I am familiar with two expressions in his face. The first is the one in which his smile,—his kind, delicate smile, penetrates and animates the mask of his countenance, in which all that is cordial and heartfelt, all that lies deepest in his soul, rises uppermost. Ibsen has a certain tendency to embarrassment, as is apt to be the case with melancholy, serious natures. He has, however, a most charming smile, and through smile, look, and pressure of the hand, he expresses much which he neither could, nor would, clothe in words. And he has a habit, when engaged in conversation, of smiling playfully, with a twinkle of good-natured raillery, as he tosses off some brief, not-at-all-good-natured remark, in which the lovable side of his character is plainly manifested. The smile softens the sharpness of the outburst.
But I am also familiar with another expression in his countenance, one in which impatience, anger, righteous indignation, cutting scorn, impart to it a look of almost cruel austerity, forcibly reminding the observer of the words in his beautiful old poem Terje Vigen:—
"Yet, sometimes, in stormy weather, a kind
Of madness would kindle his eye;—
And few there were then who could courage find
To come Terje Vigen nigh."
This is the expression his poetic soul has most frequently assumed before the world.
Ibsen is by nature a polemic, and his first poetic outburst (Catiline) was at the same time his first declaration of war. From the moment he arrived at years of maturity—which, by the way, was not very early—he has never actually doubted that he, the individual, on one scale, and on the other what is called society—in Ibsen's eyes the embodiment of those who shun the truth, and who are ever on the alert to conceal evils with empty phrases—would balance evenly. He is in the habit of asserting, among many whimsical paradoxes, that in every age there is a certain sum of intelligence for distribution; in the event of some individuals being especially well equipped,—as, for instance, Goethe and Schiller in their day in Germany,—their contemporaries will be all the more stupid in proportion. Ibsen, I may safely assert, is inclined to believe that he has received his endowments at a time when there were very few with whom to divide the sum.

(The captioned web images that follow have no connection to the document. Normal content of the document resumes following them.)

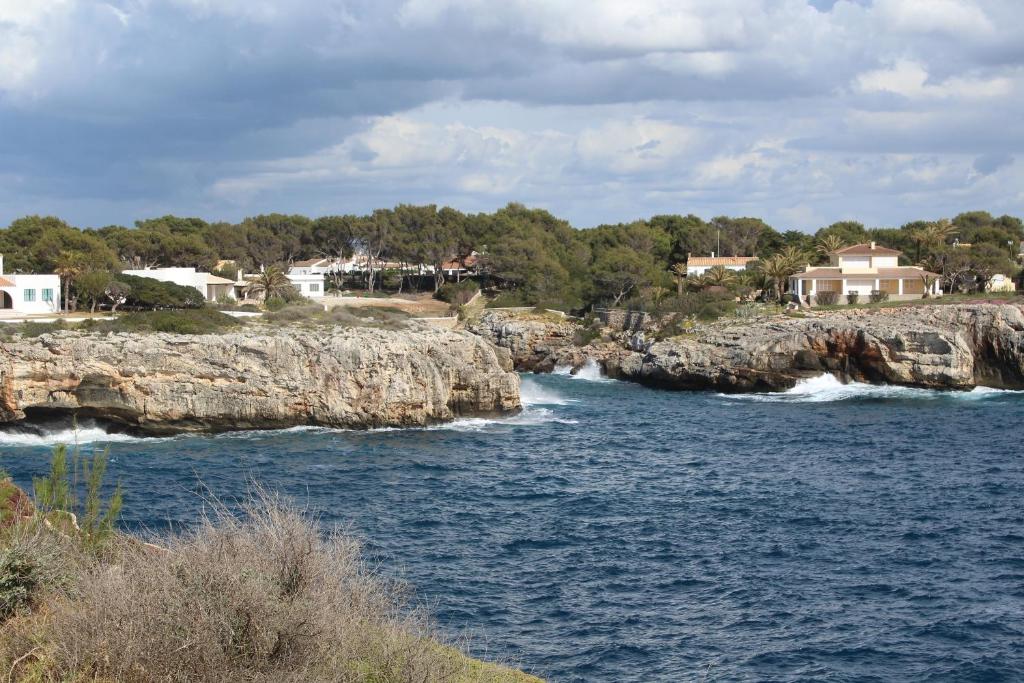Apartamento con Piscina en Ciudadela, Cala en Blanes, Cala en ...
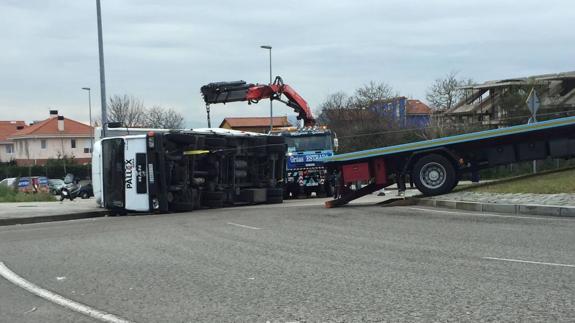 Vuelca un tráiler en la rotonda de Camarreal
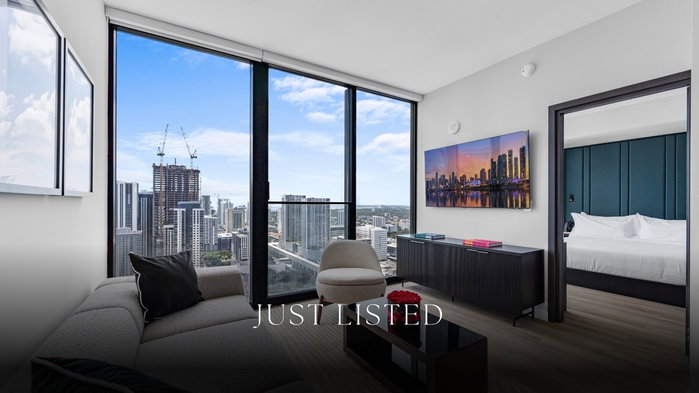 ✨JUST LISTED✨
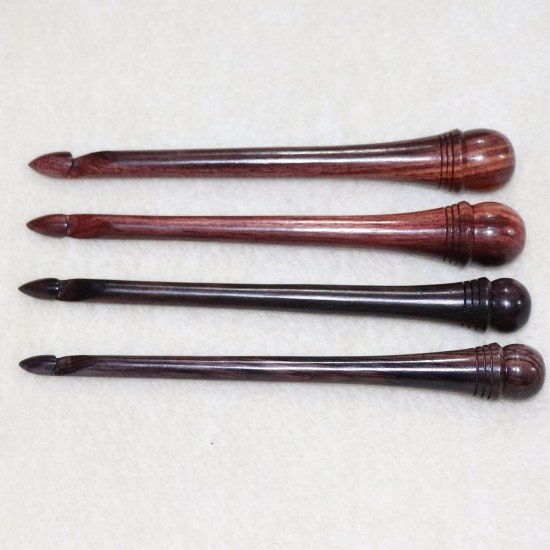 Rosewood Crochet Hooks with leather bag Set of 7 | Simple and Old style Antique Wooden Crochet Hooks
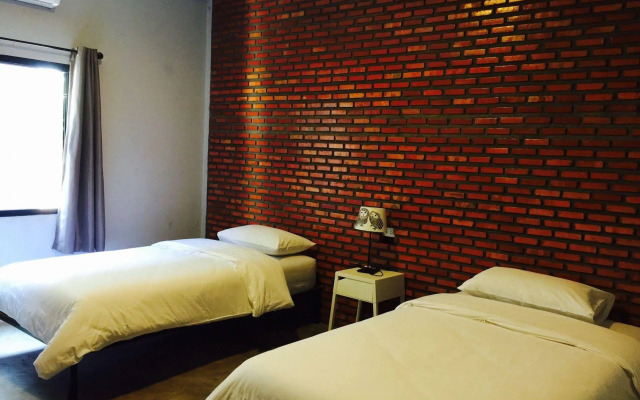 Nokhook House Trang - Hostel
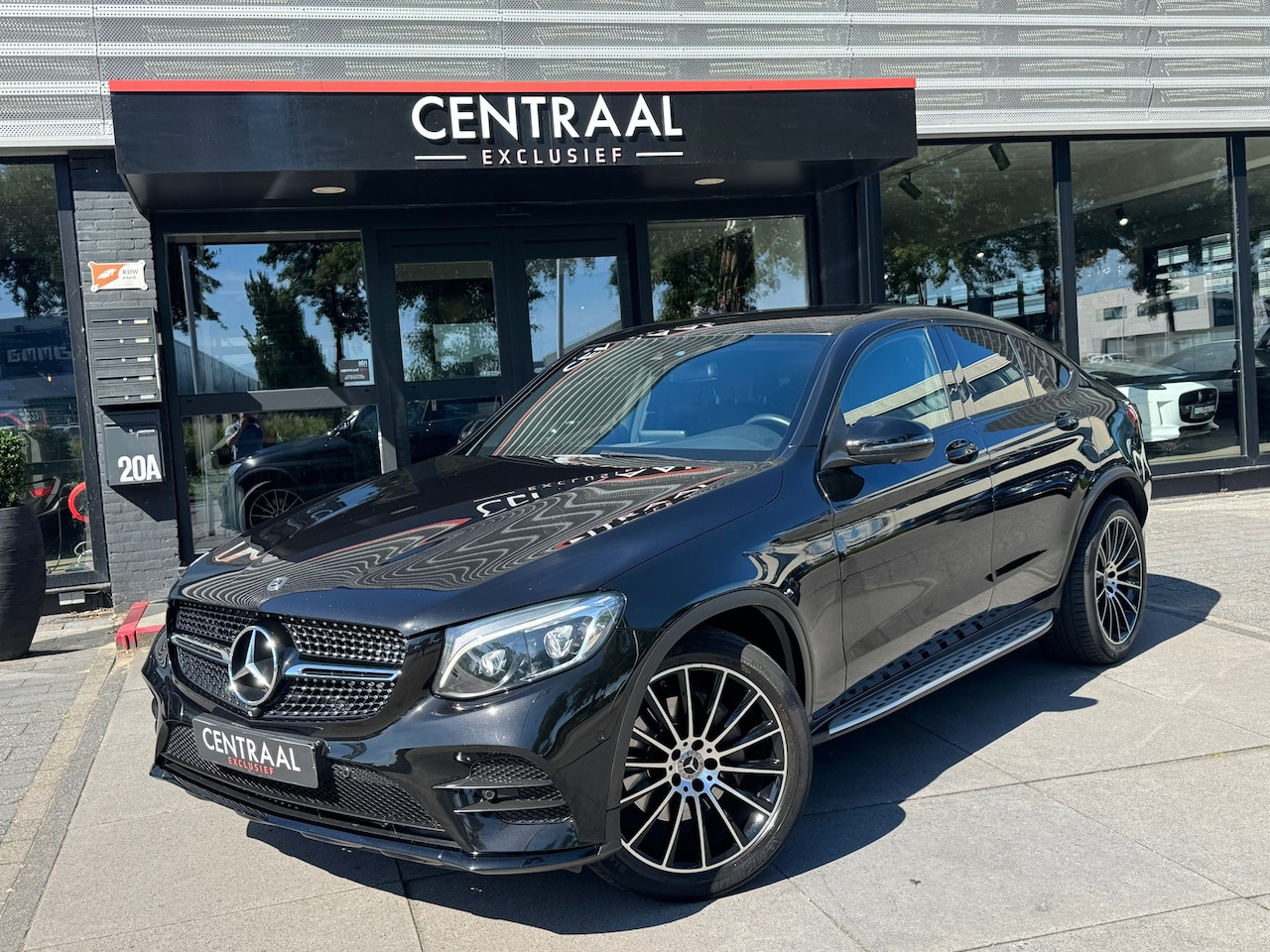 Mercedes-Benz GLC-klasse Coupé - 250 4MATIC AMG|Burmester|360Camera|Leder|211PK - AutoWereld.nl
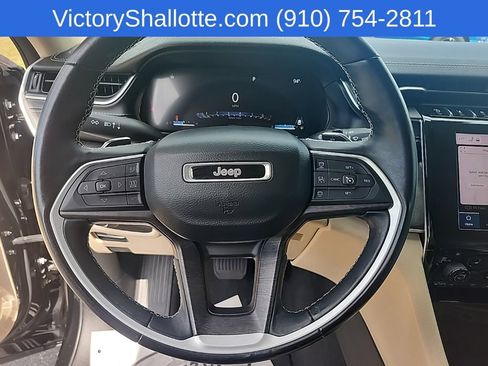 Certified 2022 Jeep Grand Cherokee L Limited AWD/4WD image 11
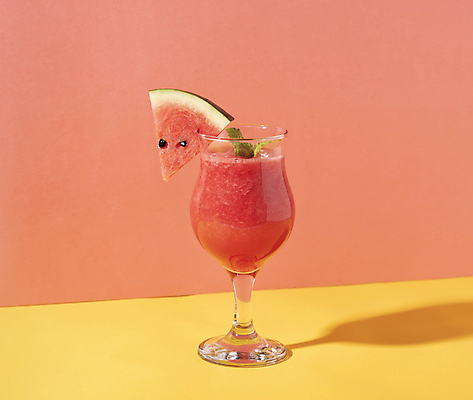 포토 JPG 해외이미지 와인잔 수박 실내 그림자 사람없음 민트 수박주스 코랄배경 해외포토 백그라운드 술잔 과일 내부 과일주스 허브 파일형식 코랄 이미지허브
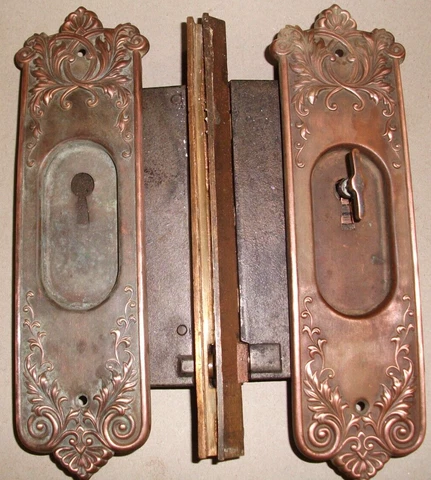 Fancy ASTRAGAL Pocket Door Locks+KEY 7 1/2"x 1 1/8"x 1/8"T CORBIN-not match face Cover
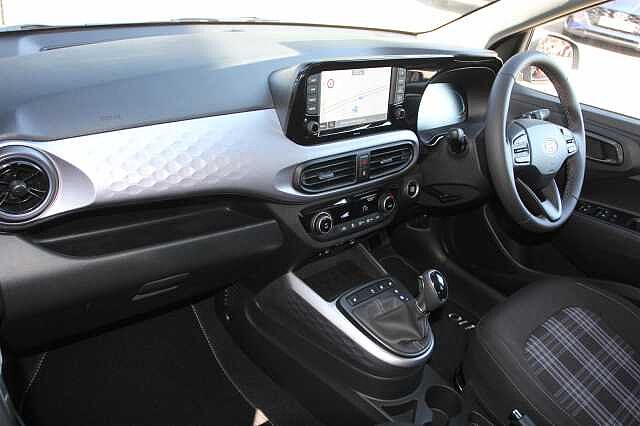 Hyundai i10 1.2 [79] Premium 5dr Auto [Nav]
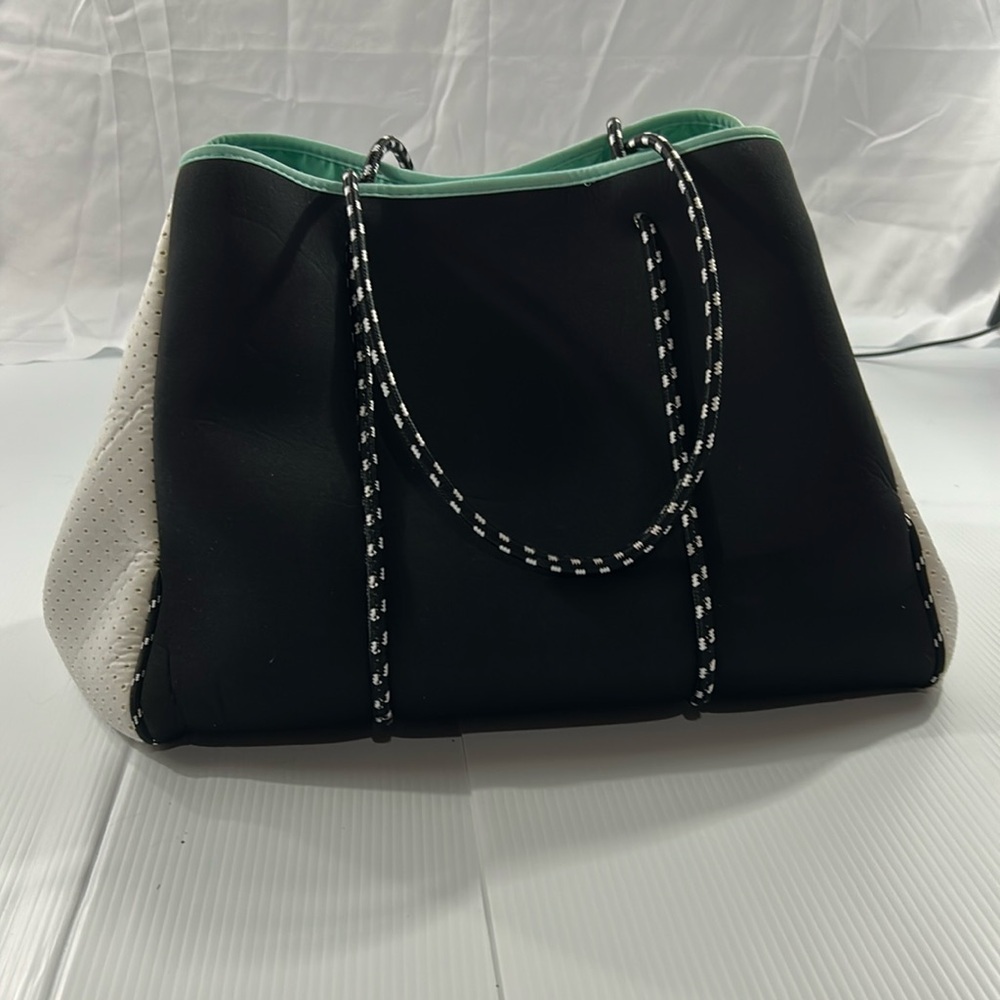 QOGIR Black,‎ White & Mint Women's Travel Bag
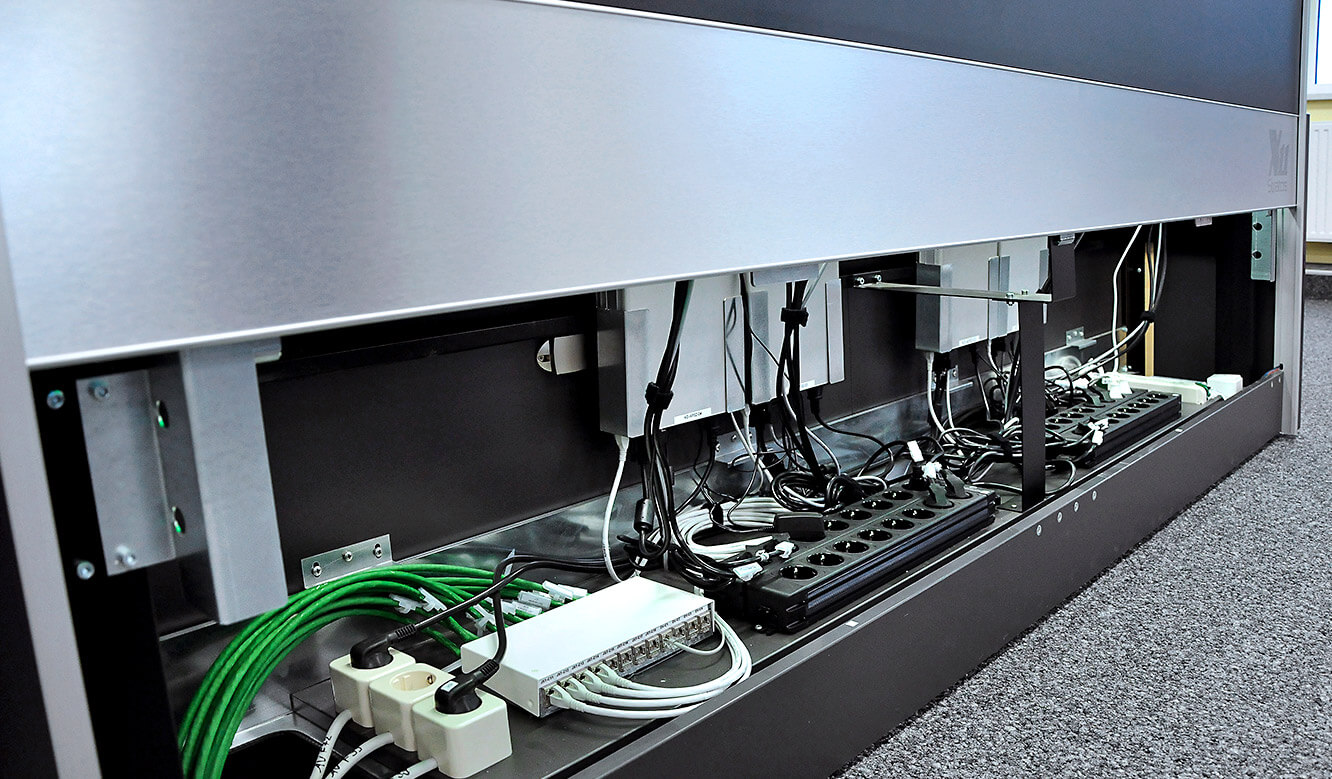 JST-DREWAG: Space for cables and hardware in the supply room of the control desk tables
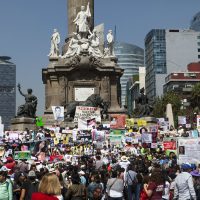 '¡Vivos se los llevaron, vivos los queremos!”, exigen madres de desaparecidos en marcha por Reforma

He has, therefore, no consciousness of being the child of a people, a part of the whole, the leader of a group, a member of society; he feels himself exclusively a gifted individual, and the sole object in which he believes, and for which he cherishes respect is personality. In this emancipation from all natural relations, in this exaltation of the ego as an intellectual force, there is a lively reminder of that period in Northern history, in which Ibsen received his culture. Above all else, the influence of Kierkegaard[2] is apparent. Ibsen's isolation, however, has a totally different stamp, upon whose moulding Björnson's quite opposite personality has had no trifling influence. It is always of vast significance to an individual to be historically so situated that destiny places at its side a contrasting companion-piece. Not infrequently it is a misfortune for a noted man to see his name continually coupled with another, it may be for glorification, it may be for censure, but always by way of comparison. The compulsory twin relation that cannot be shaken off may irritate and harm. In the case of Ibsen, it has, perhaps, aided in forcing the peculiarities of his nature to their utmost extremities; in other words, it has intensified his fervor and reserve. No one who, like Ibsen, believes in the rights and capabilities of the emancipated individual, no one who, as early in life as he, has placed himself on a war footing with his surroundings, holds a very flattering opinion of the masses. There evidently developed within him, on the very threshold of manhood, a contempt for his fellow-creatures. It was not because he had from the first an exaggerated opinion of his own talents, or his own worth. His is a brooding, doubting, questioning nature. He says himself:—
"My calling is to question, not to answer," and minds like his have no tendency to conceit. It may be noted, too, how long he was in finding the right language and form with which to clothe his thought; how crude his first effort "Catiline" was; how strong the evidence displayed in his unpublished drama "Kjæmpehöjen" (The Barrow), of the influence of Oehlenschläger, especially of "Landet fundet og forsvundet" (The land that was found, and that disappeared); how constantly the reader is reminded, even to the very metre, in the drama "Gildet paa Solhaug" (The Banquet at Solhaug) of a totally dissimilar genius Henrik Hertz, especially of the latter's drama, "Svend Dyring's House," and how, in his "Hærmændene paa Helgeland" (The Warriors of Helgeland), he availed himself of the effective features of saga literature on a large scale, before he presumed to take satisfaction in his own resources, and his own markedly individual style.[3] At the outset of his career he belonged rather to those natures that enter upon life with profound reverence, prepared to recognize the superiority of others, until adversity gives them a consciousness of their own power. From the moment the discovery is made, however, such natures become, as a rule, far more rigid and stubborn than those that were originally self-complacent. They accustom themselves to weigh those whose superiority formerly they would have accepted as a matter of course, with the eye as on an invisible scale, and cast them aside the moment they fall below the standard weight.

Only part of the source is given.